Exercise details: An exact copy of the records is needed; please leave the images out.

--- Listed records Enclosed Below ---

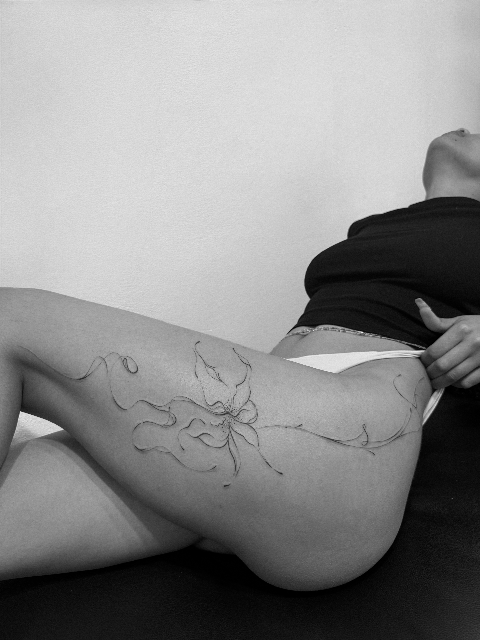 Fine Line Floral Flow Tattoo on the Thigh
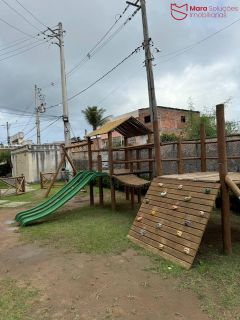 Apartamento com 2/4 térreo no centro de Lauro de Freitas.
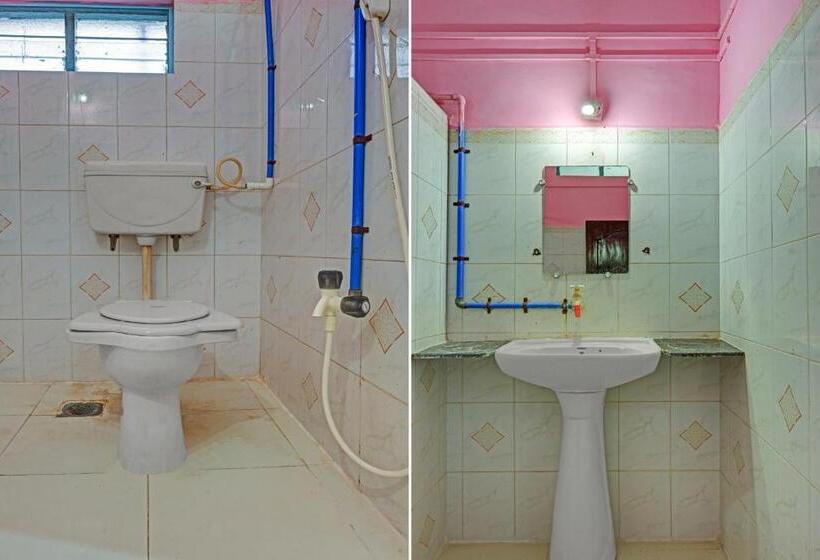 חדר קלאסי לשלושה, Flagship The Moon Palace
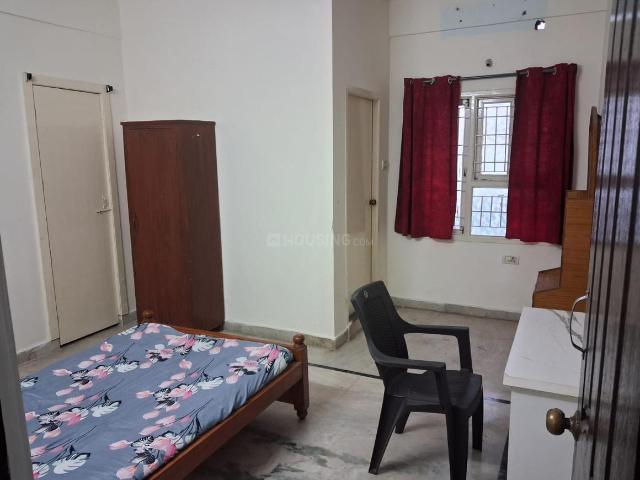 3 BHK Apartment in Srinagar Colony for rent Hyderabad. The reference number is 21112453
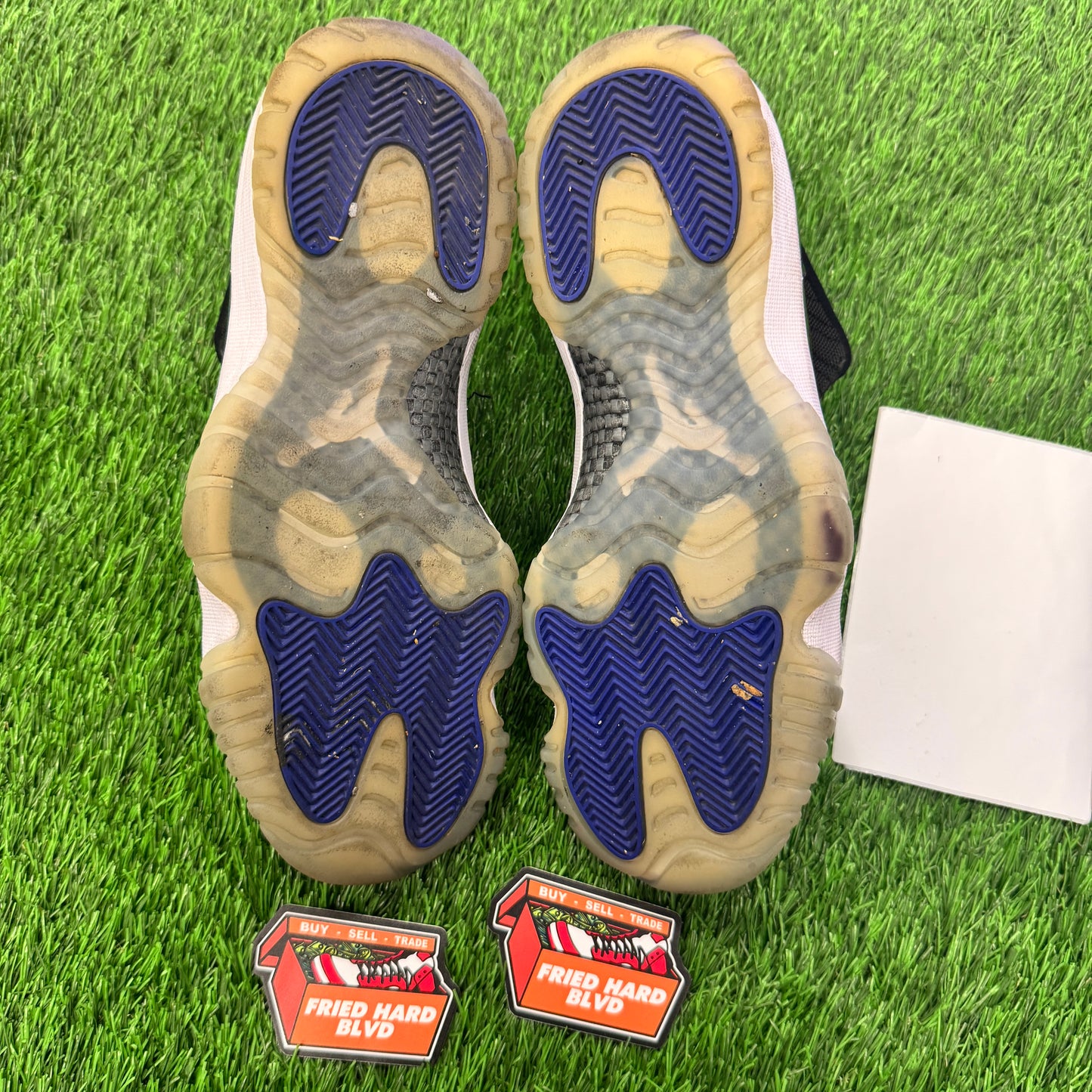 Jordan 11 Retro Low IE Space Jam SIZE 8.5M/10W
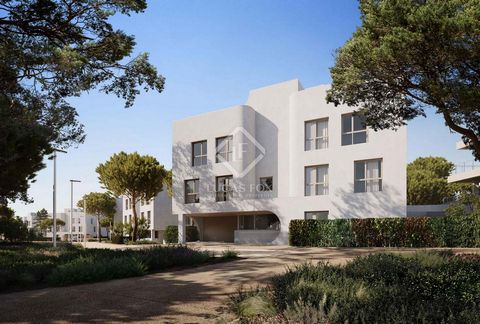 Lucas Fox welcomes you to this impressive development in a high-end community, quiet and surrounded by pine trees and garden areas , offering a picturesque view just a few steps from the Mediterranean Sea. The apartments are distributed on the ground...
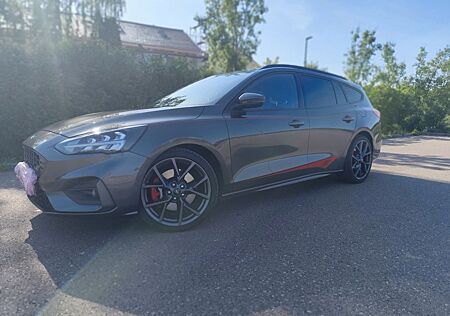 Ford Focus 2,3 EcoBoost ST Turnier ST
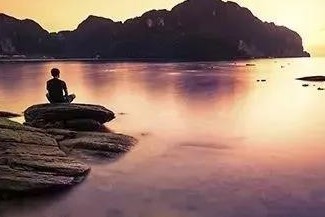 用打坐修出“心”的力量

--- End of Enclosed Listed records ---

Output of the exercise:
 Fine Line Floral Flow Tattoo on the Thigh
 Apartamento com 2/4 térreo no centro de Lauro de Freitas.
 חדר קלאסי לשלושה, Flagship The Moon Palace
 3 BHK Apartment in Srinagar Colony for rent Hyderabad. The reference number is 21112453
 Jordan 11 Retro Low IE Space Jam SIZE 8.5M/10W
 Lucas Fox welcomes you to this impressive development in a high-end community, quiet and surrounded by pine trees and garden areas , offering a picturesque view just a few steps from the Mediterranean Sea. The apartments are distributed on the ground...
 Ford Focus 2,3 EcoBoost ST Turnier ST
 用打坐修出“心”的力量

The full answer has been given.